- _PROBLEM STATEMENT_:
Your job is to give again, exactly and with no additions, the lines in the records below from the one with "loudspeakers (per pair)" through the one with "Geberzylinder, Kupplung ABE F9K004ABE", both included. Omit the pictures.

- _PROVIDED INFORMATION_:
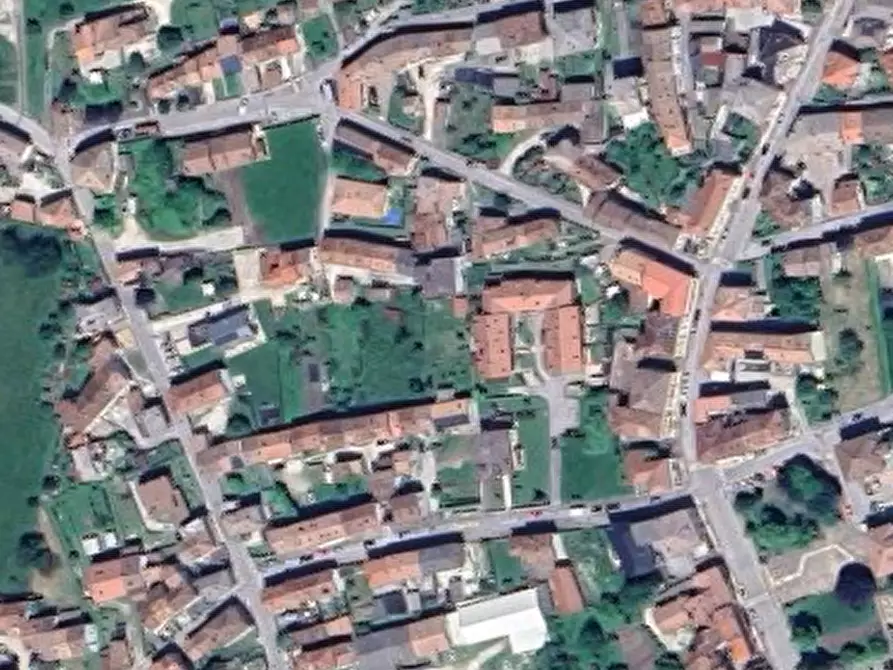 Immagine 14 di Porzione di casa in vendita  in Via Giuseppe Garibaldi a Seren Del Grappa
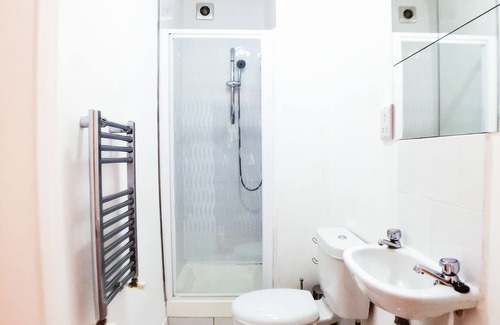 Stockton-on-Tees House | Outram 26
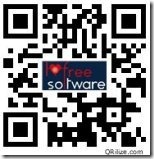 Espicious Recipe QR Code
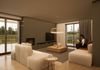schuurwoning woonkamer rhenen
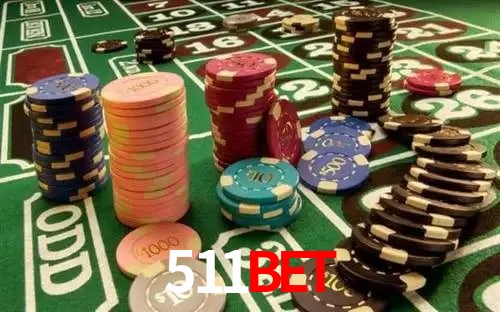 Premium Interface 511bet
---
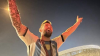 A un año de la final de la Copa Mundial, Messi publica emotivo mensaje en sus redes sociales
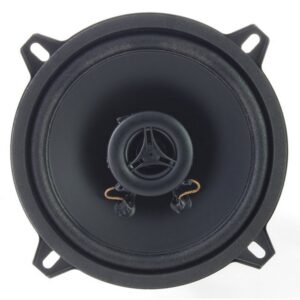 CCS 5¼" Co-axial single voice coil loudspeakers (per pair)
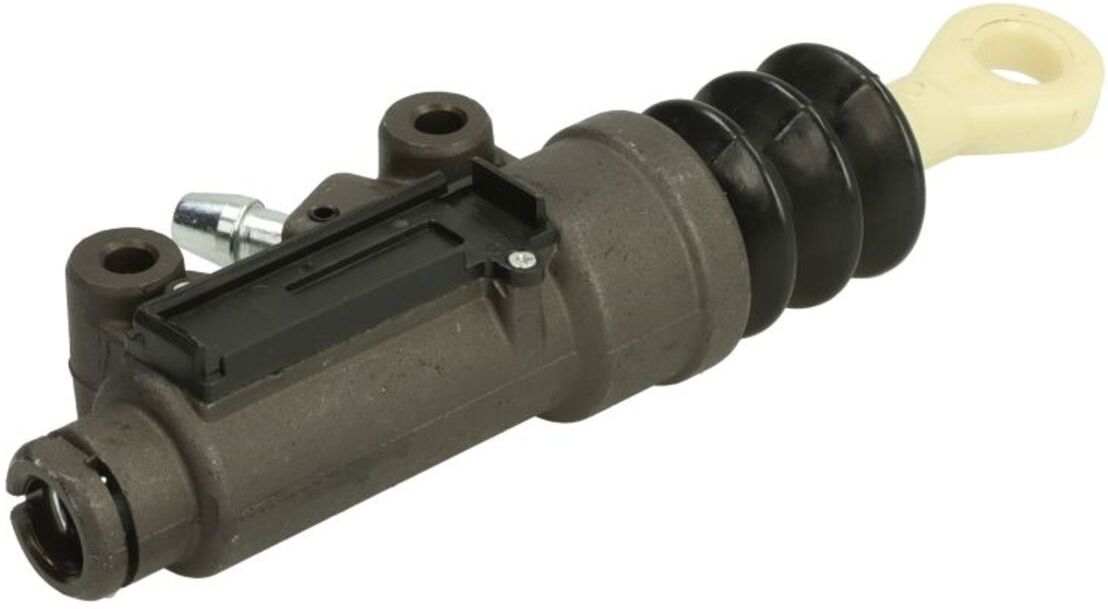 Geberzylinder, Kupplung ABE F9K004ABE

- _RESPONSE TO THE EXERCISE_:
 CCS 5¼" Co-axial single voice coil loudspeakers (per pair)
 Geberzylinder, Kupplung ABE F9K004ABE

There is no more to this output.